Just Because Someone Wants Something, Does That Mean Doctors Should Do It?

by Wesley J. Smith
The cultural ethic of "choice ubber alles" is growing increasingly radical. We have seen previously, that a few bioethicists have advocated that doctors be permitted to cut off healthy limbs of people suffering from Body Identity Integrity Disorder (BIID), also known as "amputee wannabe." People with the mental illness want to have one or more limbs amputated in order to be authentically themselves. There's even a WEB site and an association seemingly dedicated to opening up the possibility of doctors cutting off healthy limbs of people obsessed with becoming amputees.

Now, doctors are suggesting that to avoid disease (or perhaps for other reasons), cloning and IVF procedures could be done so that a child had three biological parents.

From the story in the Sydney Morning Herald:
Controversial legislation due to be debated by politicians this week sets out ways to allow test-tube babies to be created from the biological material from three parents.

The laws would allow an embryo to be created from the nucleus of one woman's egg, her partner's sperm and another woman's mitochondria, the material surrounding an egg's nucleus and which promotes cell growth. The Independent on Sunday said if the controversial legislation was approved, babies created using the cloning technique could be born within the next decade...

There is much to say about this. First, just because a couple wants a baby and can't have one without risking disease or to satisfy the desires of couples who both want to be the biological parents of offspring, but who could not otherwise be, doesn't mean doctors should engage in extreme manipulation of gametes in the creation of embryos to accommodate them. Our sense of entitlement in the West to have whatever we want based on our desires alone, seems to know no bounds.

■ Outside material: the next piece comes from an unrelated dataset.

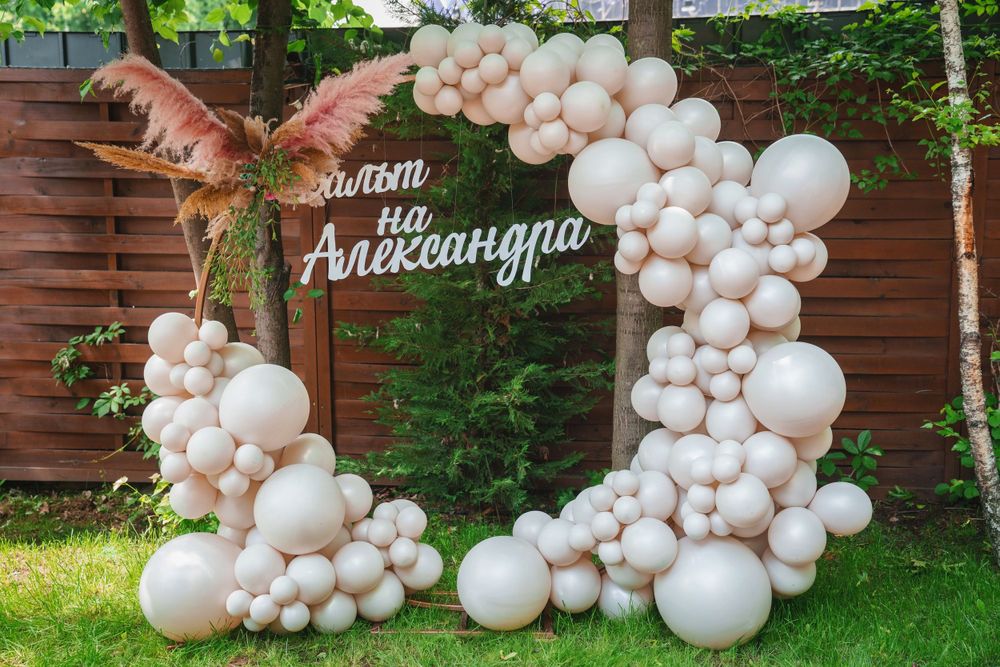 Elegant balloon arch with copper-colored feathers and white balloons against a wooden fence.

Second, and more urgently: Perfecting and applying this technique would amount to unethical human experimentation--and not only at the nascent stages. We know there is a slight adverse affect to health outcomes in regular IVF procreation. And that merely involves sperm meeting egg. We know that SCNT-cloning leads to terrible problems in animals born from the technique. Who knows what the consequences might be to the born child by having been stitched together, as it were, from three parents? Or indeed, potentially to the health of the birth mother?

Back when IVF was being developed, some warned that it would lead us to believe that we not only have the right to a baby, but to manufacture and manipulate our offspring so that he or she is the baby we want. Those voices were not Luddite, they were prophetic.